The task: The participants will be asked to develop their fair face verification method aiming for a reduced bias in terms of gender and skin color (protected attributes). The method developed by the participants will need to output a list of confidence scores given test ID pairs to be verified (either positive or negative matches). Both the bias and accuracy of the method will be evaluated using the provided face dataset (plus individual protected and legitimate attributes and other metadata, as well as identity ground truth annotations).
The dataset: We present a new collected dataset with 13k images from 3k new subjects along with a reannotated version of IJB-C  (140k images from 3.5k subjects), totalling ~153k facial images from ~6.1k unique identities. Both databases have been accurately annotated for gender and skin colour (protected attributes) as well as for age group, eyeglasses, head pose, image source and face size, see Fig.1.

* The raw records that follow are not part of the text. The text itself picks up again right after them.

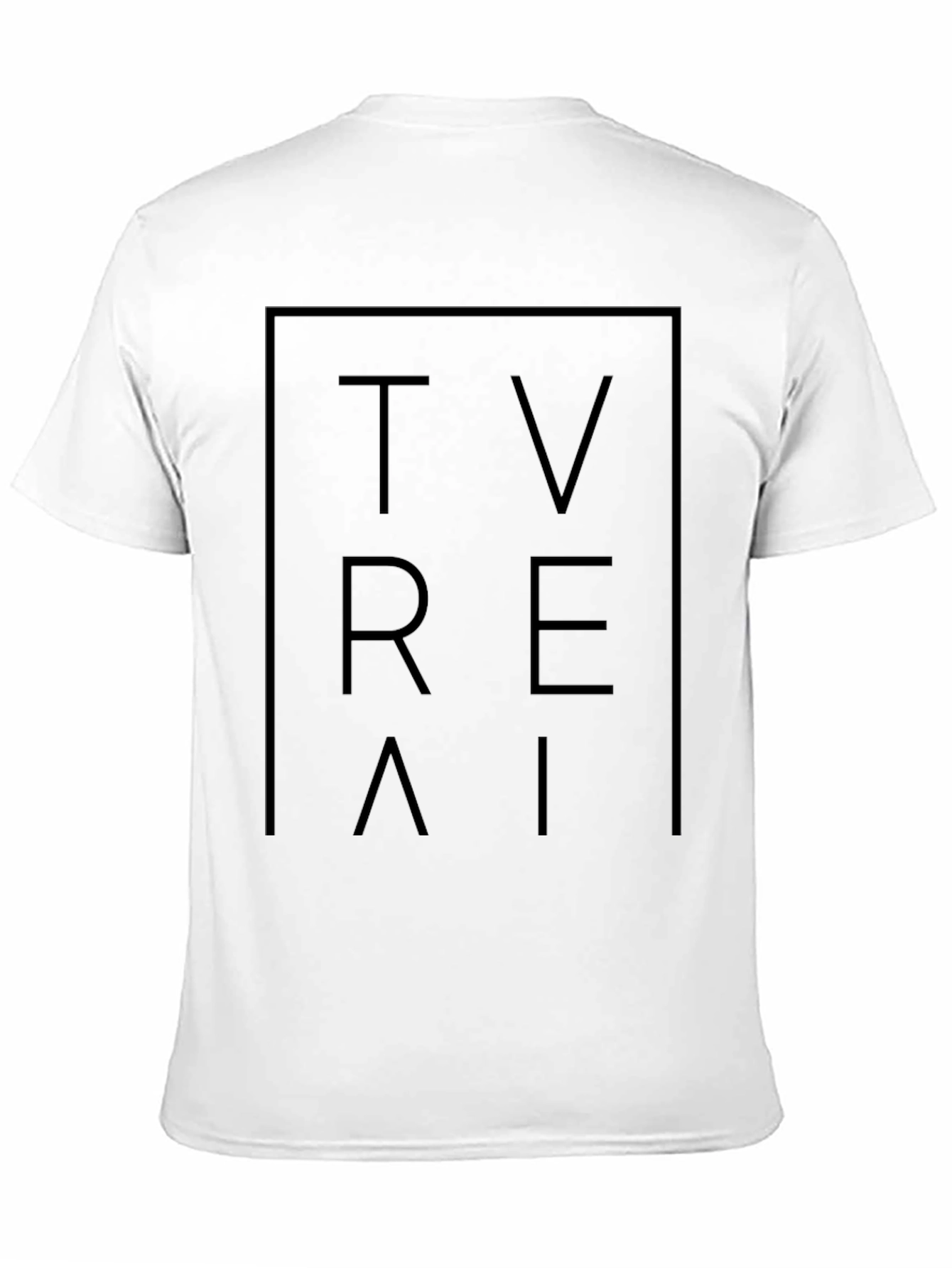 Black Trendy TVRAI Graphic Tee - Black Cotton Blend view 11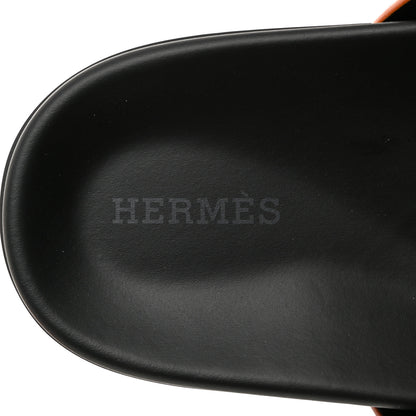 Hermes Suede Goatskin Womens Chypre Sandals 38 Rose Bois De Santal Rouge De Turin 6 of 9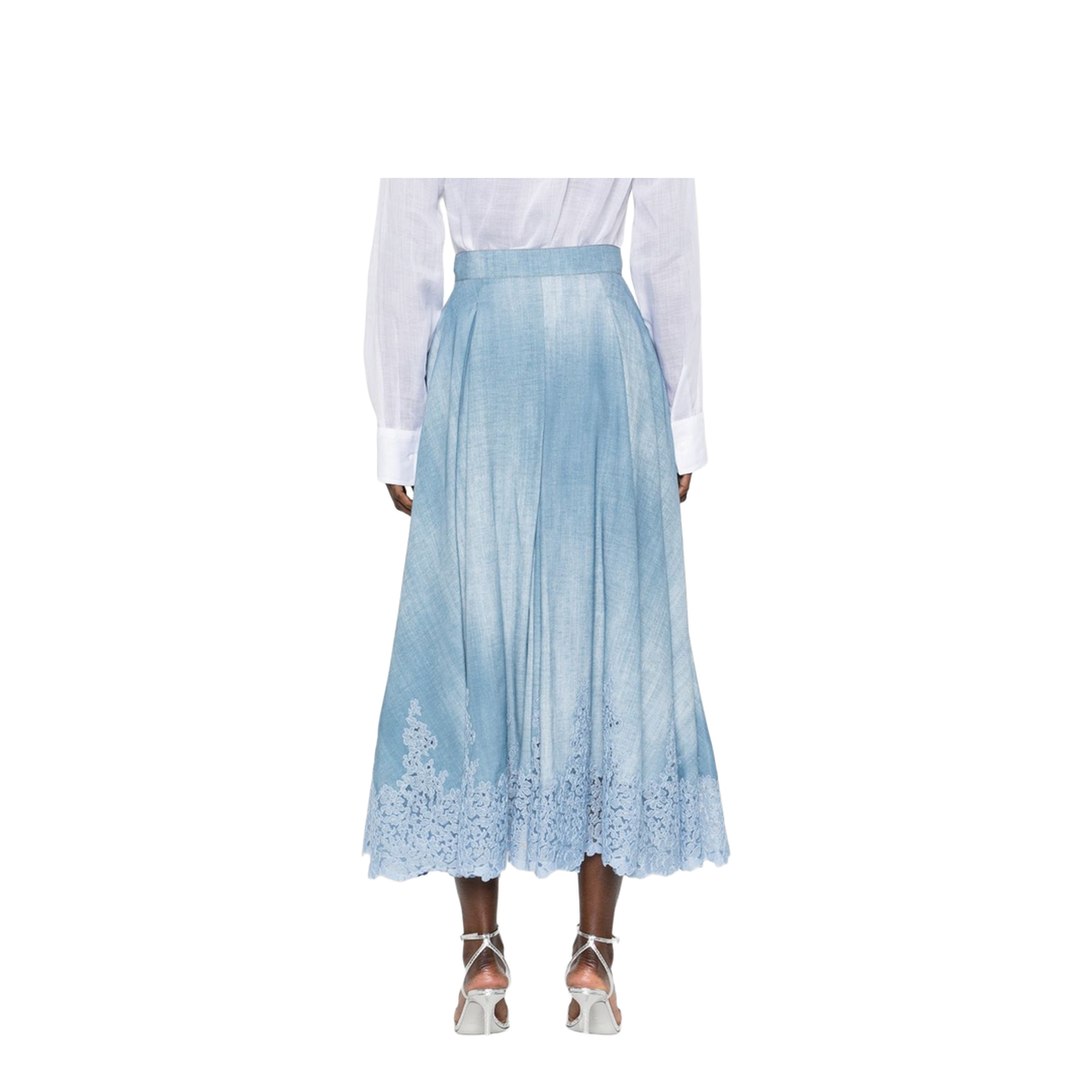 Skirt With Embroidery - Image 3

Fig.1: Samples from same subject ID, showing high intra-class variability in terms of resolution, headpose, illumination, background and occlusion.
Evaluation: Submitted models will be evaluated for bias in terms of causal effect of the protected attributes to the verification accuracy while adjusting for the other attributes. The final ranking of each model will depend both on its bias and accuracy with the emphasis on bias. The challenge will run on CodaLab, an open-source platform, co-developed by the organizers of this challenge. Data sanity check and beta-testing has been already performed, implementing a ResNet Siamese baseline network, reaching a score of ~89% just for the accuracy score term (at development phase). This leaves a great room for improvement and experimentation for the challenge participants.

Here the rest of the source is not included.